Exercises 1-5 refer to Fano's geometry.

1. The geometry has exactly the same number of points as it has lines.

Ans: True. Solution: There are 7 points and 7 lines.

2.Each pair of lines in the geometry intersects in a point in the geometry.

Ans: True. Solution: Axiom 5 says so.

3. Each two distinct points of the geometry determine a unique line in the geometry..

Ans: True. Solution:This is Axiom 4.

4. Changing one axiom results in Young's geometry.

Ans: True. Solution:You get Young's geometry by changing Axiom 5.

5. The geometry contains at least eight lines.

Ans: False. Solution:Theorem 1.8 declares that there are exactly seven lines in the geometry.

9. Sketch a model for a geometry that satisfies Axioms 1 and 2 of Fano's geometry but not Axiom 3.

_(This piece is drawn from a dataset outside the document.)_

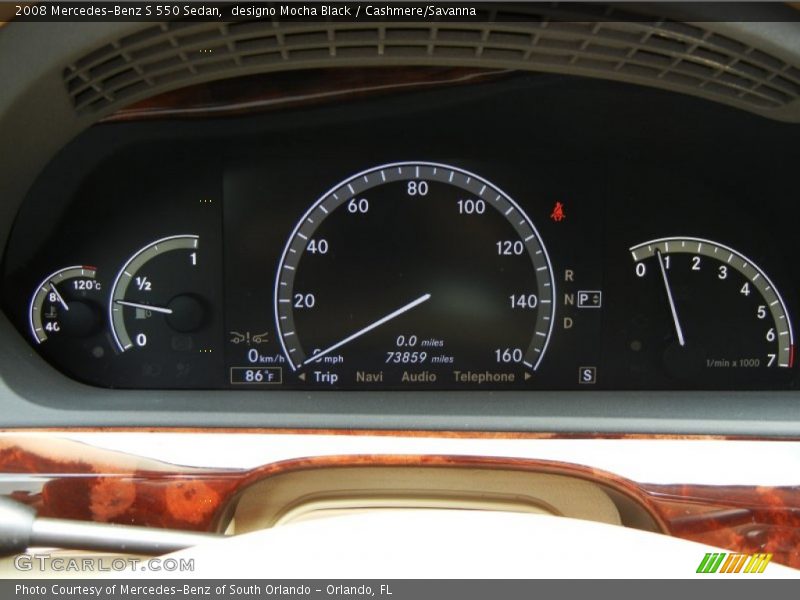  2008 S 550 Sedan 550 Sedan Gauges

10. Sketch a model for a geometry that satisfies Axioms 1 and 3 of Fano's geometry but not Axiom 2.

Solution:

13. Explain why C(7,2) does not give the number of lines in Fano's geometry, but can be used to derive the correct number of lines.

Solution:C(7,2) = 21, counts the number of pairs of points in the geometry. While each pair does determine a line, it is not true that each line only has two points on it. Axiom 2 states that each line has 3 points on it, thus, a single line contributes C(3,2) = 3 pairs of points to the total count. Dividing 21 by 3 will give the correct number of lines, i.e., 7.

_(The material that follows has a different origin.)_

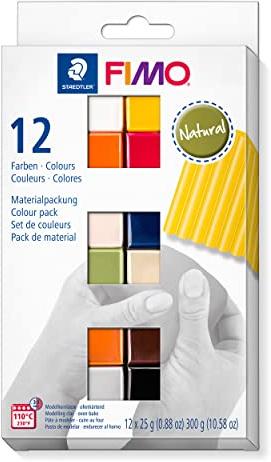 STAEDTLER ofenhärtende Modelliermasse FIMO soft natural colours, weich und geschmeidig, speziell für Einsteiger und Hobbykünstler, 12 Halbblöcke á 25g in sortierten Farben, 8023 C12-4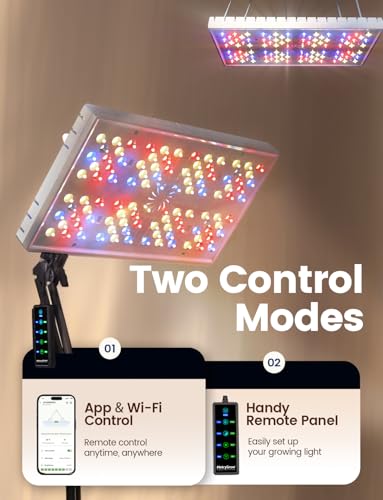 MetryGrow Grow Lights for Indoor Plants, [Smart APP & Expansive 2x2 Ft Coverage] Genuine 48Watt LED Full Spectrum Standing/Hanging Growing Plant Lamps, 8-Level Brightness, 270°Folding, 360°Rotation - size: 48W(With Stand)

14. For Fano's geometry, prove that each point lies on exactly three lines.

Solution:

1. (Without using Thm. 1.8) Pick a line l (exists by Axiom 1). Choose any point P not on l (exists by Axiom 3). Since l has 3 points (Axiom 2), joining P to each of them gives three distinct lines through P (by Axiom 4 there is a line through P and each of these points. If one of these lines contained two points of l, it would have to be l by Thm 1.7, but this contradicts the fact that P is not on l.) If there where another line through P, it would not meet l, contradicting Axiom 5, so there are exactly 3 lines through P. This argument takes care of all points not on l, to deal with a point on l, say Q, choose a line through P which does not contain Q and repeat the argument using Q and this line.
2. (Using Thm. 1.8) Let P be any point. There are 6 other points in the geometry besides P (Thm. 1.8). P is joined to each by a line (Axiom 4). Since each line contains 3 points (Axiom 2), each of these lines contains two points besides P. Thus, there are at least 3 lines through P. Any other line through P would have to contain two points, one on each of two different lines that we have already constructed through P (otherwise Axiom 4 is violated), but this violates Axiom 4. So, there are exactly three lines through P.

Solution:Given a point P, by Axiom 4, any other point of the geometry is joined to P by a line. Thus, all the points are on lines through P.

16. For Fano's geometry, prove that, for any pair of points in the geometry, there exist exactly two lines not containing either point.

Solution:By Exercise 14, there are three lines through each point of the geometry. Given two distinct points, P and Q, there is the line that joins them and two other lines through each of these points. That is a total of 5 lines. Since there are 7 lines in the geometry (Thm 1.8), there are exactly two lines that do not pass through P or Q.

17. For Fano's geometry, prove that , for a set of three lines not all containing the same point, there exists exactly one point in the geometry not on any of the three lines.

Solution:Take two of the lines and let the point where they meet be called P (exists by Thm. 1.7). The third line does not pass through P by assumption, so it must meet the original two lines in points different from P, say Q on one line and R on the other. The three lines, PQ, PR and QR, then form a triangle. Because each of these lines already has one point in common, no pair of them can have another point in common (Thm. 1.7). Since each line has 3 points (Axiom 2), there is another point on each of these lines. Thus we get three more points besides P, Q and R on these lines for a total of 6 points. By Thm 1.8, there are 7 points in the geometry, so there is exactly one point not on any of the three lines.

20. For Young's geometry, prove that two lines parallel to a third line are parallel to each other. Hint: Use Axiom 5 and prove by contradiction.

Solution: Assume that, for distinct lines l, m, n, we have l || m and m || n. If l || n, there is nothing to prove, so assume that l and n meet at a point P. Since P is on l and l || m, P is not on m. We now have a contradiction to Axiom 5 (for Young's geometry) since there are two lines through P that do not intersect m. Thus, we must have l || n.